# Walk through the Bible?



## Brandt (May 16, 2014)

I'm not sure if this is the right forum to post this on, but has anybody had any experience with the Walk through the Bible curriculum? Another church is wanting to participate with us using this, and I'm not that familiar with it. Thanks.


----------



## Bill The Baptist (May 16, 2014)

All I know is that Bruce Wilkinson of the Prayer of Jabez fame used to be their president. That doesn't bode well for me.


----------



## SolaScriptura (May 16, 2014)

We did it in college. 

I think it provides an excellent introduction and survey of the story of the Bible. Not just the christological orientation of Scripture, but it actually surveys each book in some detail (for instance, I remember going through each of the kings of both the northern and southern kingdoms). Its greatest strength is that it employs a very good pedagogical methodology and is therefore highly memorable. Indeed, it has been nearly 15 years and I can still recall some of the material from that class.

I recommend it.


----------



## DMcFadden (May 16, 2014)

Don't let your feelings about Wilkinson color your willingness to participate in Walk through the Bible. It is not about Wilkinson's particular views (he isn't the president and has not been for a long time), or about a particular theology (Wilkinson was a Dallas grad). Rather, it deals in biblical themes, characters, and timelines.

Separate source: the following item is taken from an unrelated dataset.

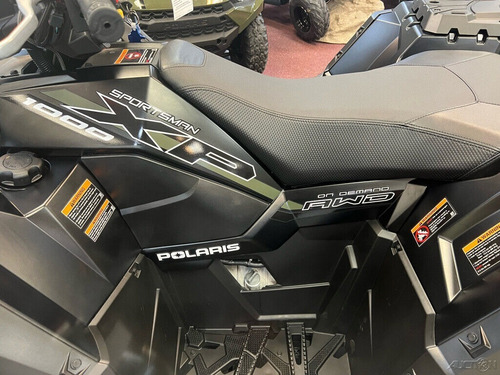 Imagen 6 de 8 de 2022 Polaris Sportsman 1000 Xp Ultimate Trail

I did it the first time during seminary in the church where I was working part time. It did more for my understanding of the forest vs. the trees of the Bible than a degree in biblical studies magna cum laude from college and a high GPA in seminary. I can still recite from memory their way of delineating and remembering all of the prophets in terms of their times, themes, and recipients. 

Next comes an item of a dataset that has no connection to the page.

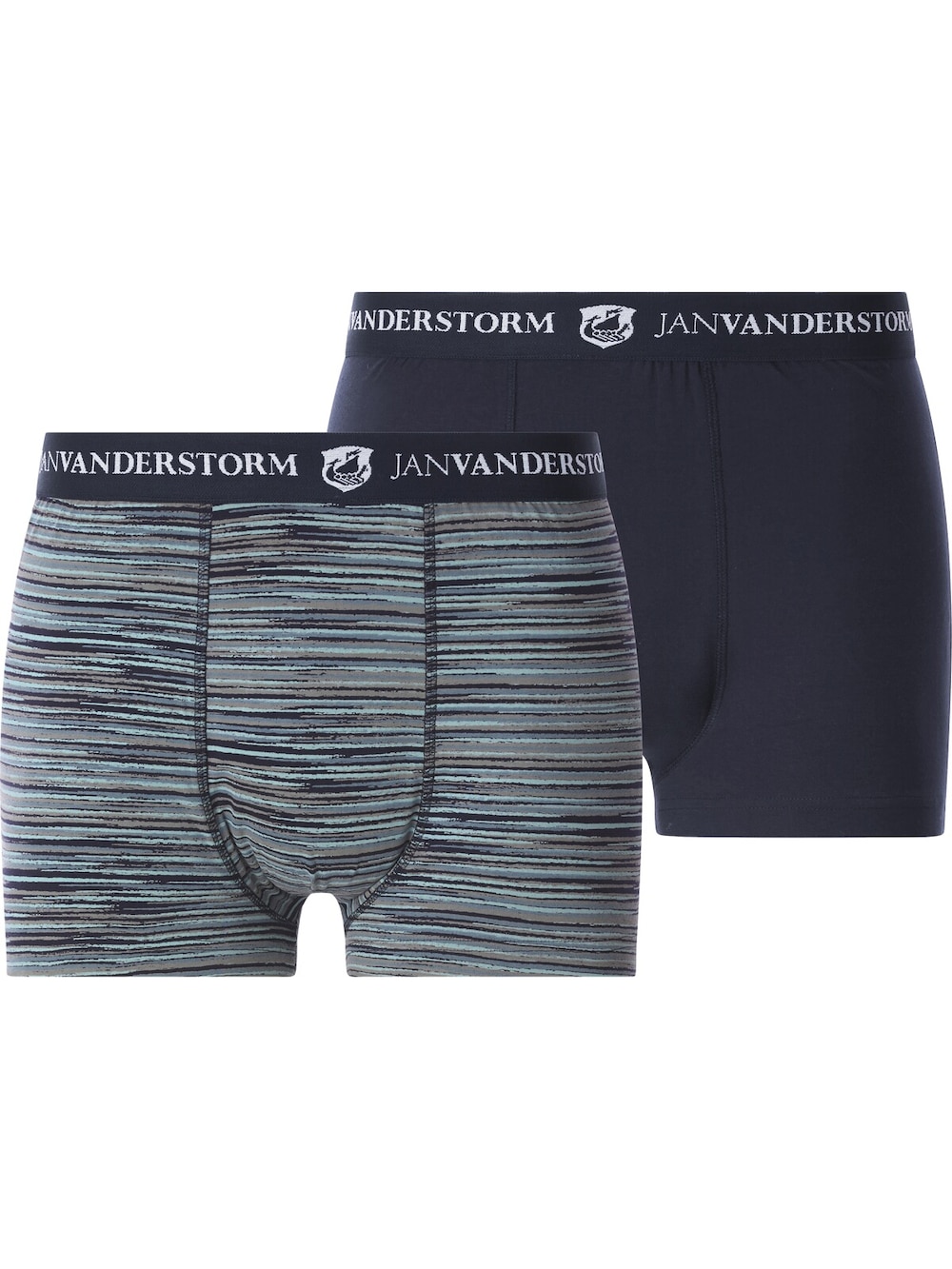 2Er Pack Retropants RUNEBORG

The strength of WTB is that it uses clever memory devices, ingenious organizing templates, and an engaging presentation style to hold your attention until the end of the day . . . when you WILL know the books, themes, and timeline of either the OT or NT from MEMORY! In an era when biblical scholarship emphasizes the unique contributions of each of the Gospels INDIVIDUALLY, it was SO helpful to get a synthetic life of Christ.

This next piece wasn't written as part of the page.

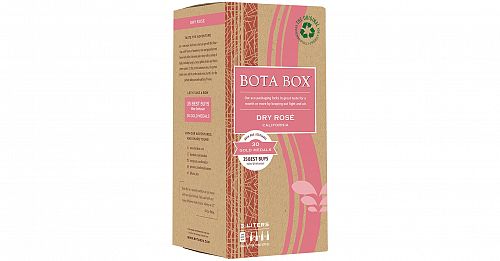 Bota Box Rose 3L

For my money, WTB may not be the be-all and end-all of Christian education, but at the level of mastering the timeline and key players, it is unsurpassed in efficiency and effectiveness.


----------



## Jack K (May 17, 2014)

If you tend to be too stuffy (like I am), you may think it suffers from some cheesiness. But for a person who doesn't mind loosening up a bit it can be a helpful introduction to the Bible timeline, books, and major themes. I don't think you should worry about it on theological grounds.


----------



## PuritanCovenanter (May 17, 2014)

Jack K. thinks he is stuffy? I am much more. Just ask him. I agree with all that has been said above. The Walk through the Bible stuff is excellent. I gained a lot from it and proudly display the book Talk through the Bible along with my other books in my house.


----------



## Brandt (May 18, 2014)

Thanks, of course I can't stand cheesiness when it comes to doing anything in church!!


----------



## SolaScriptura (May 18, 2014)

Brandt said:


> Thanks, of course I can't stand cheesiness when it comes to doing anything in church!!



It isn't cheesy.


----------